Friday, June 20, 2014

Star Trek: S1E5 The Enemy Within


A friend of mine played as a monk for a while. His Stunning Fist would always be "neck pinch!" whenever he used it; if he didn't say it, someone else would. I got into the habit at one point just because it's what we did. I'm sure at some point someone must have tried to explain it to me, but back then I would have reacted to anything Star Trek with "boring" and moved on.
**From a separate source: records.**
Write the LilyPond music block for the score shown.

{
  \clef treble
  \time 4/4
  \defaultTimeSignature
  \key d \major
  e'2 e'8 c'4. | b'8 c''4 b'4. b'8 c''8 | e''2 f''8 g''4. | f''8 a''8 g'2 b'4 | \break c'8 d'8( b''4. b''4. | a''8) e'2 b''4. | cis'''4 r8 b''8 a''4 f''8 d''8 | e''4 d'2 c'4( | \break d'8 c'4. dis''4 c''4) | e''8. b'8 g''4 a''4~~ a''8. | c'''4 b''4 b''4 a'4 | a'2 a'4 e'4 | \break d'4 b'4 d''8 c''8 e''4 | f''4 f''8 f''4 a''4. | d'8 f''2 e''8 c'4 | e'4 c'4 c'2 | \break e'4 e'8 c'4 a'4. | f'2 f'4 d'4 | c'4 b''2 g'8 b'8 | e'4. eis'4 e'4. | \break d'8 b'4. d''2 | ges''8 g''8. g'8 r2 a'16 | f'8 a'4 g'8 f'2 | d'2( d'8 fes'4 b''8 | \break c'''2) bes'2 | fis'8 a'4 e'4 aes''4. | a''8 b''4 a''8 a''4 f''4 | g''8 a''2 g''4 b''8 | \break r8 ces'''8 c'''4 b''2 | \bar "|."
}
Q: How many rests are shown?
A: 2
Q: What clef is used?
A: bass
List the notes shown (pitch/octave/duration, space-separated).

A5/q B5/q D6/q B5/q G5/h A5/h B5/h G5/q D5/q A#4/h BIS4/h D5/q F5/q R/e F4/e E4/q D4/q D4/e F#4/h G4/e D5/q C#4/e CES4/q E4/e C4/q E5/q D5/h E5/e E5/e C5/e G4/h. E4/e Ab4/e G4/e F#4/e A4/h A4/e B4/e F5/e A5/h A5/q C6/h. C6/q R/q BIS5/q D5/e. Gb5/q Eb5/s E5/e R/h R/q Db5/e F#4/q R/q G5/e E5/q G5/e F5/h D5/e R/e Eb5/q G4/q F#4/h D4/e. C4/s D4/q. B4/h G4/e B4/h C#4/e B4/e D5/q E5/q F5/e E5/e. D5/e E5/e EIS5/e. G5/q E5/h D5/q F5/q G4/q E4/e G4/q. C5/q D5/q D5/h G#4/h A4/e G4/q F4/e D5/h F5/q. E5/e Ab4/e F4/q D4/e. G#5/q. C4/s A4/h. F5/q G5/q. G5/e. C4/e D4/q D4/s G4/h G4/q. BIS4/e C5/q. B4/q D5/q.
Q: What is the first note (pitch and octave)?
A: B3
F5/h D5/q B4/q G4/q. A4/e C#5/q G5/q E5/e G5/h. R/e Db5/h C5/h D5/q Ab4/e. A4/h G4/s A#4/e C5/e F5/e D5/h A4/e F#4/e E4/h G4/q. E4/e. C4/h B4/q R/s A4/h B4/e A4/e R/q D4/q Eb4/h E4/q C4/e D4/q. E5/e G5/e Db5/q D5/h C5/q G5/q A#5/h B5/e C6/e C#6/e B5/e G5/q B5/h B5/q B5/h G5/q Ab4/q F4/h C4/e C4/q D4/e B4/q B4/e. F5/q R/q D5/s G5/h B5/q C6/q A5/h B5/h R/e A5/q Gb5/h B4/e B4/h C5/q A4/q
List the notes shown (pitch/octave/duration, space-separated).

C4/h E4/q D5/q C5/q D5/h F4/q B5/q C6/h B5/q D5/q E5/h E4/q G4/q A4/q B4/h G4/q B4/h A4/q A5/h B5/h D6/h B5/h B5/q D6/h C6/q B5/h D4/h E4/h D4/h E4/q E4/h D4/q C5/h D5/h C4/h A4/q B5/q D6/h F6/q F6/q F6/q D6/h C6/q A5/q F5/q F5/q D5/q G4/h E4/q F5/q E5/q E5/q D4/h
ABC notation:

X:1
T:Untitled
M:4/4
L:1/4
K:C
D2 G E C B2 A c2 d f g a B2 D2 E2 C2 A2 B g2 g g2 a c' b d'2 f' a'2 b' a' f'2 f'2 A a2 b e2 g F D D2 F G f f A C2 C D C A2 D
Man, I was a dumb kid.

Mr. Spock's famous neck pinch! I finally get to see it in action. This episode had its ups and downs, but I was on board with the basic idea of a technology issue causing Jekyll and Hyde. There were definitely darker parts than I expected from Star Trek - that line "just a minute, Janice" is just so chillingly quiet and... I want to say impersonal - about a rape attempt that it felt disturbingly realistic. How many sexual assaults, I have to wonder, are carried out with that same tone of uncaring, as though asking someone to hold the door?

Of course, that was Evil Kirk's only standout moment that wasn't him trying to pass the world's biggest kidney stone. The makeup and lighting trick they used to pick him out made him look just deranged and sweaty, to the point that I would have challenged anyone to pass him in the hall without asking if he had a touch of fever or just a dash of the rabies. Also why does McCoy have brandy in the clinic?

So to get it out of the way, Evil Kirk was nuts and batty and so over-the-top that I'm amazed Actor McActorname (I will learn these eventually, I swear) didn't explode out of his own skin from the strain. What's awesome in this episode is how I feel I'm starting to get a dynamic going between the three leads that's sort of reminiscent of psych; Kirk, the decider, the man of two minds, is ego. McCoy thinks about people and emotional considerations ahead of the practical. He's id. Mr. Spock is probably the textbook definition of superego. Come to think of it he might actually be in the textbook on that page and now I want to go check it.

There was also a healthy dose of screentime for Sulu, who has a sort of second-string leadership role down on the planet. He's in a tough scrape but his team comes through and he keeps a level head and a sense of humor through the whole thing. I like Sulu. I'm getting a better picture of him as a character one piece at a time.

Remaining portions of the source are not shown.